Let’s write a quick function to illustrate this set.

f <- function(n){

numerators <- c(0,1)

denominators <- c(1,1)

new_numerators <- numeric(0)

new_denominators <- numeric(0)

for(i in 1:n){

for(j in 1:(length(numerators)-1)){

new_numerators <- c(new_numerators, numerators[j] + numerators[j+1])

new_denominators <- c(new_denominators, denominators[j] + denominators[j+1])

}

new_order <- order(c(numerators, new_numerators)/c(denominators, new_denominators))

numerators <- c(numerators, new_numerators)[new_order]

denominators <- c(denominators, new_denominators)[new_order]

new_numerators <- numeric(0)

new_denominators <- numeric(0)

}

return(numerators/denominators)

}

qplot(x = f(10), y = '') +
theme_minimal() +
labs(x = 'x') +
scale_y_discrete(name = NULL, labels = NULL, breaks = NULL)

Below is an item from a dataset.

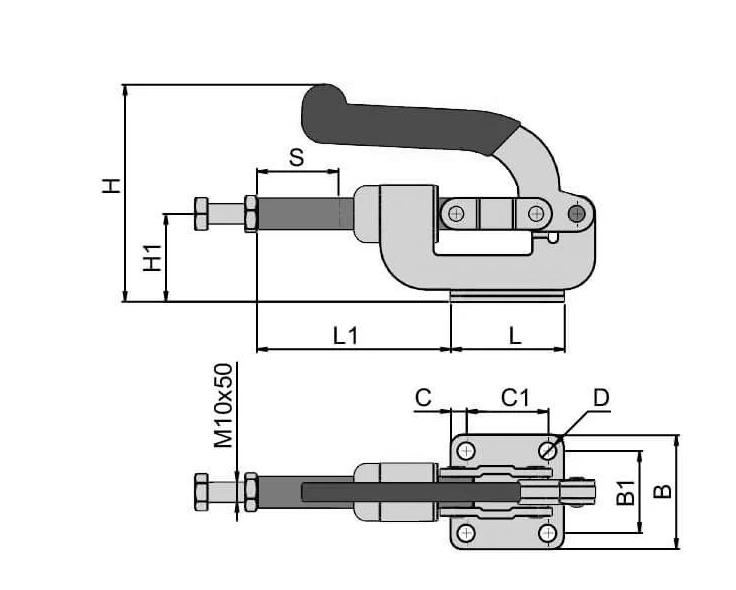 Push-Pull Toggle Clamp – Steel Flanged Base For Machining & Welding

We can see the CDF of this function if we run it iteratively 10 times:

tibble(x = f(10), y = cumsum(1:length(x))/sum(1:length(x))) %>%
ggplot() +
geom_line(aes(x = x, y = y)) +
theme_minimal() +
scale_y_continuous(labels = percent)

We could also see how the function changes for each iteration:

map_df(1:12, function(n){

f(n) %>%
tibble(n = n, x = .)

}) %>%
group_by(n) %>%
mutate(y = cumsum(1:length(x))/sum(1:length(x))) %>%
ggplot() +
geom_line(aes(x = x, y = y)) +
facet_wrap(~n) +
theme_minimal() +
scale_y_continuous(labels = percent)

Here we can see that a CDF, or at least an approximate CDF, exists. Again, if we assume that we need a CDF to sample from, then this looks like a candidate we can sample from that is not finite nor both bounded and continuous.

That’s all for now. More on this later, also expect this post to get revised and refined!